Certamente pesca nel vero la frase di Paolo secondo cui avrebbero dovuto essere alcuni «giudei della provincia d’Asia» (v. 19) ad accusarlo in quel momento (col che egli vuol far capire a Felice che le accuse della delegazione non erano che dettate da motivi di risentimento personale); ma ha favore dell’accusa restava il fatto che i viaggi di Paolo erano durati molti anni, durante i quali, dai luoghi remoti della sua missione alla città di Gerusalemme, erano circolate voci coerenti e insistenti circa la pericolosità del suo messaggio per le sorti politiche di Israele. La delegazione era lì perché in sostanza rappresentava non solo gli interessi della Palestina ma anche quelli dei giudei della diaspora, che non avevano rinunciato a credere in una liberazione nazionale della Palestina.

Si ha in sostanza l’impressione che Paolo, con la sua decisione di far valere la cittadinanza romana, sia finito per condurre una difesa piuttosto rocambolesca, cacciandosi in una sorta di cul de sac, da cui egli pensa di poter uscire allontanandosi sempre più dal mondo ebraico, che con le sue problematiche emancipative e indipendentiste ormai gli era diventato del tutto estraneo. Egli può tuttavia avvalersi del fatto che gli accusatori non possono esplicitamente sostenere le loro rivendicazioni di «liberazione nazionale» al cospetto di un’autorità che fa chiaramente gli interessi di Roma.

Ciò forse può spiegare il motivo per cui egli, apparentemente, non voglia porre alcuna differenza tra il fariseismo progressista e la sua versione di cristianesimo: il che assai difficilmente sarebbe stato accettato dai seguaci di Giacomo, memori delle responsabilità del partito farisaico nell’esecuzione del Cristo; e neppure i farisei avrebbero potuto accettarlo, non avendo essi alcuna intenzione di mettere ebrei e pagani sullo stesso piano, di considerare la fede superiore alla legge e obsolete tutte le prescrizioni alimentari o quelle risalenti al patriarca Abramo. Pur di non aver più nulla a che fare con i giudei, Paolo sembra essere disposto ad arrampicarsi sugli specchi.
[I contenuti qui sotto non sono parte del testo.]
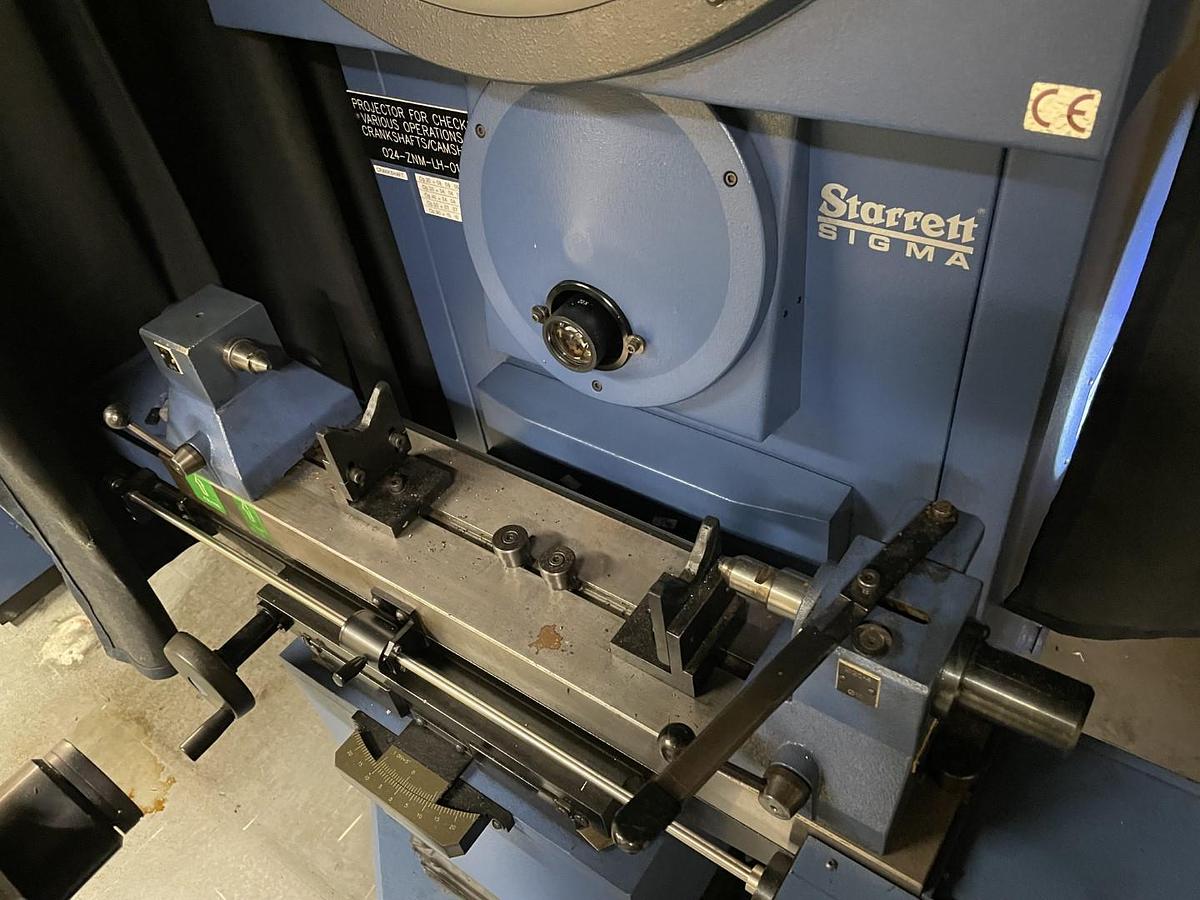 Used Starrett Sigma HF600 Horizontal Floor Standing Comparator
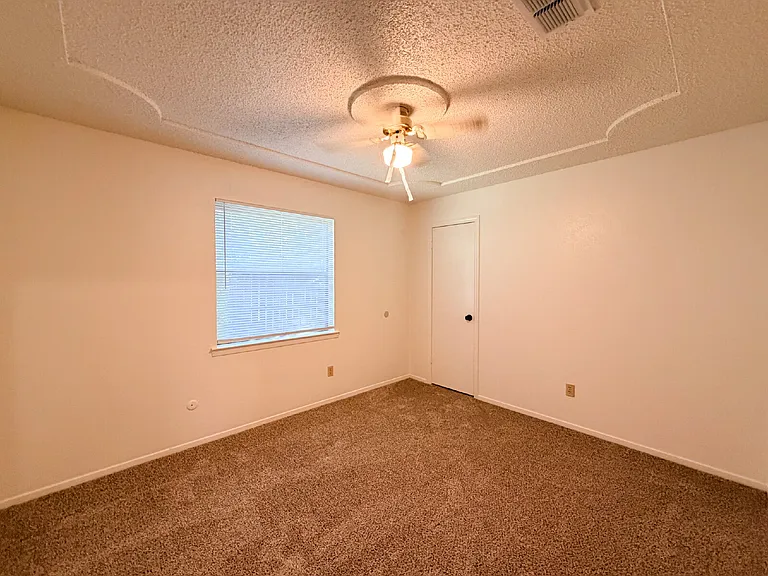 712 Pecan St — Photo 26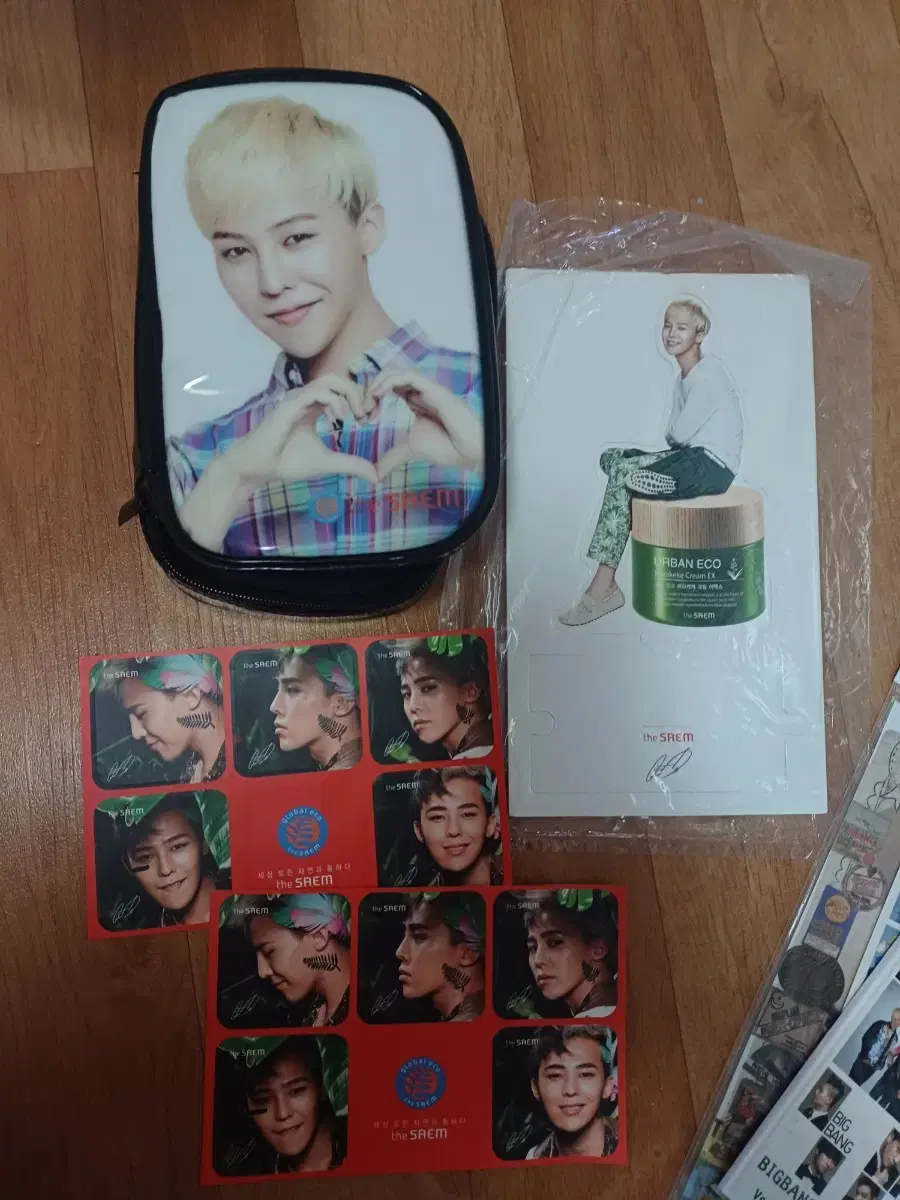 G-Dragon GD The Sam Harakeke Pouch Set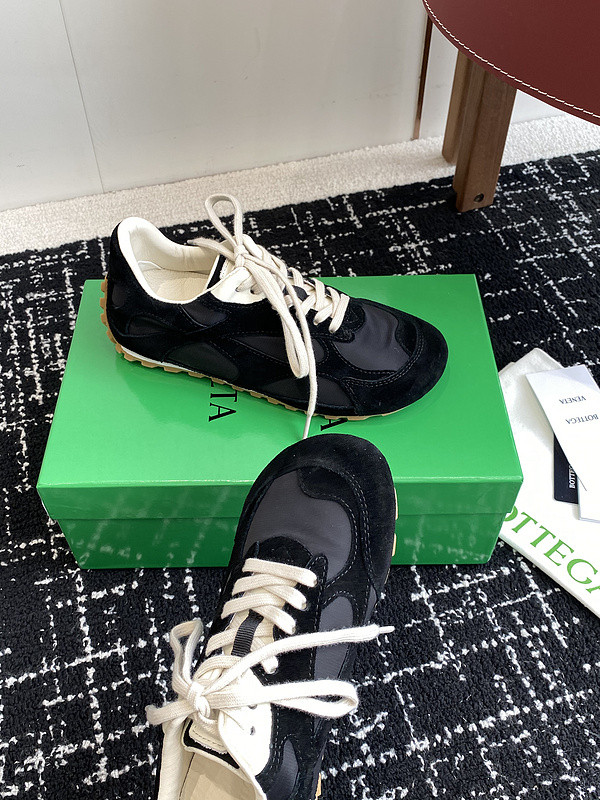 BOTTEGA VENETA Sneaker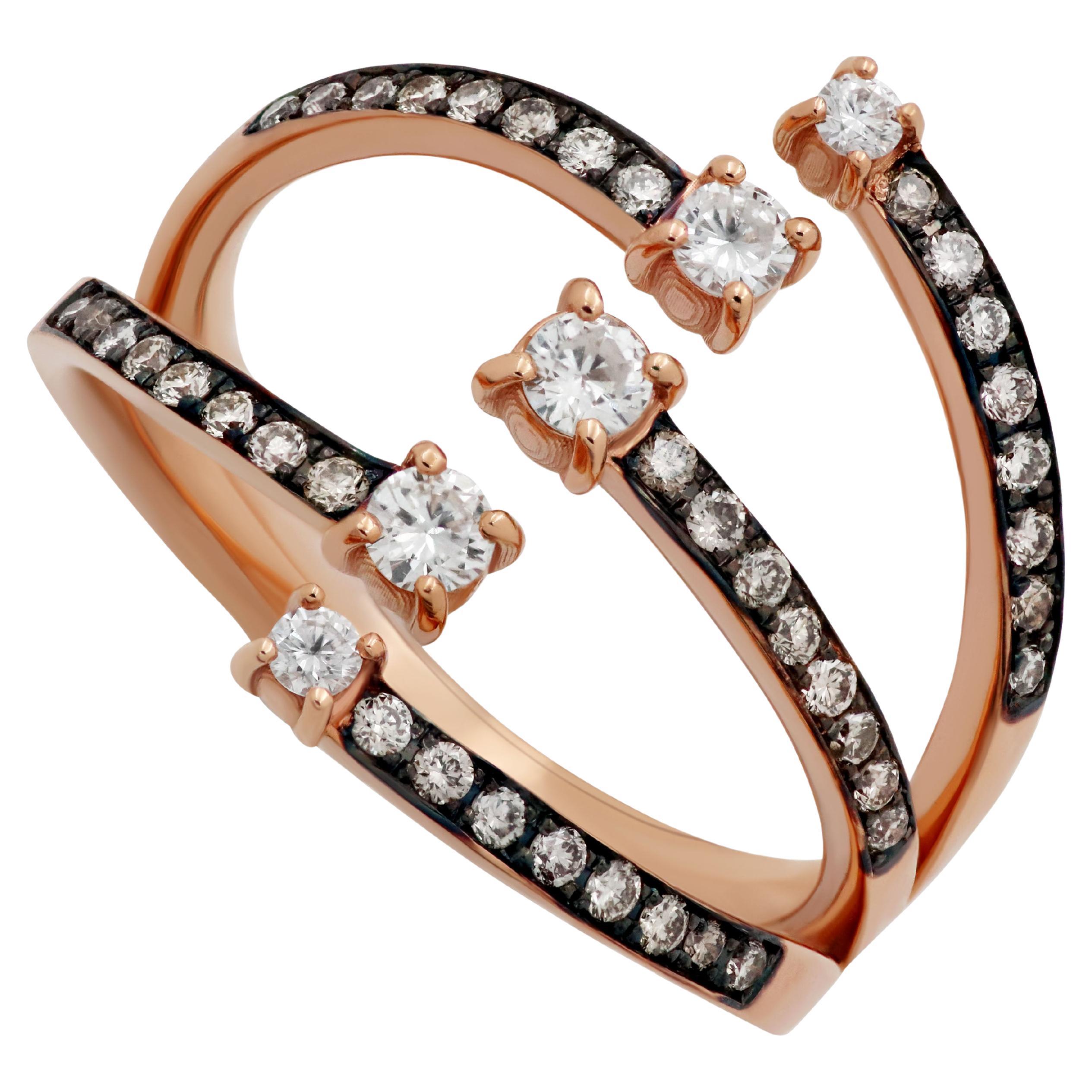 18k Rose Gold Ring with Brilliant Diamonds For Sale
A questo punto l’unico problema che Felice deve risolvere è quello di come soddisfare le richieste della delegazione senza contravvenire alle leggi romane, cui l’imputato vuole appellarsi. E qui dimostra davvero d’essere un «buon giudice». Da un lato infatti non consegna Paolo ai giudei, dall’altro, col pretesto che vuole ascoltare anche la versione del tribuno Lisia (come se la missiva non gli fosse bastata), afferma di voler tenere Paolo in carcere. Cioè in sostanza non prende alcuna vera decisione. Il fatto d’essere «bene informato circa la nuova dottrina» (v. 22) non è sufficiente né per affermare né per negare un valore probatorio alle accuse della delegazione.

Di sicuro Paolo non è pericoloso politicamente, ma se Felice non lo consegna ai giudei rischia di farlo diventare indirettamente causa di rimostranze, le quali potrebbero portare a inconvenienti anche sul piano politico. Davvero un «buon giudice» questo Felice, come meglio non avrebbe potuto essere un rappresentante legale di una potenza imperiale.

Quando la delegazione se ne andò, Felice non ebbe alcuna difficoltà a ordinare al centurione che al prigioniero Paolo, essendo questi cittadino romano (che avrebbe anche potuto dargli delle noie), gli venisse concessa «una certa libertà», «senza impedire a nessuno dei suoi amici di dargli assistenza» (v. 23). E in questa situazione Paolo resterà per più di due anni.

Alcuni esegeti hanno voluto paragonare l’atteggiamento di Felice a quello che tenne Erode nei confronti del Battista, ma il paragone non regge, semplicemente perché Erode temeva Giovanni per la sua popolarità e perché questi aveva trasformato una rivendicazione giuridica (relativa all’adulterio) in una possibile rivendicazione politica; viceversa, l’unico timore che Felice aveva era in relazione alla cittadinanza romana di Paolo, un privilegio per quei tempi davvero considerevole.

Come noto il paragone è stato orchestrato dagli stessi redattori degli Atti, i quali hanno voluto concludere questo episodio citando Felice che, insieme alla moglie ebrea Drusilla, ascolta, apparentemente interessato, la dottrina di Paolo. Non potendo considerare Paolo un emulo di Gesù, la comunità cristiana ha preferito cercare dei collegamenti con la vicenda del Precursore incarcerato da Erode.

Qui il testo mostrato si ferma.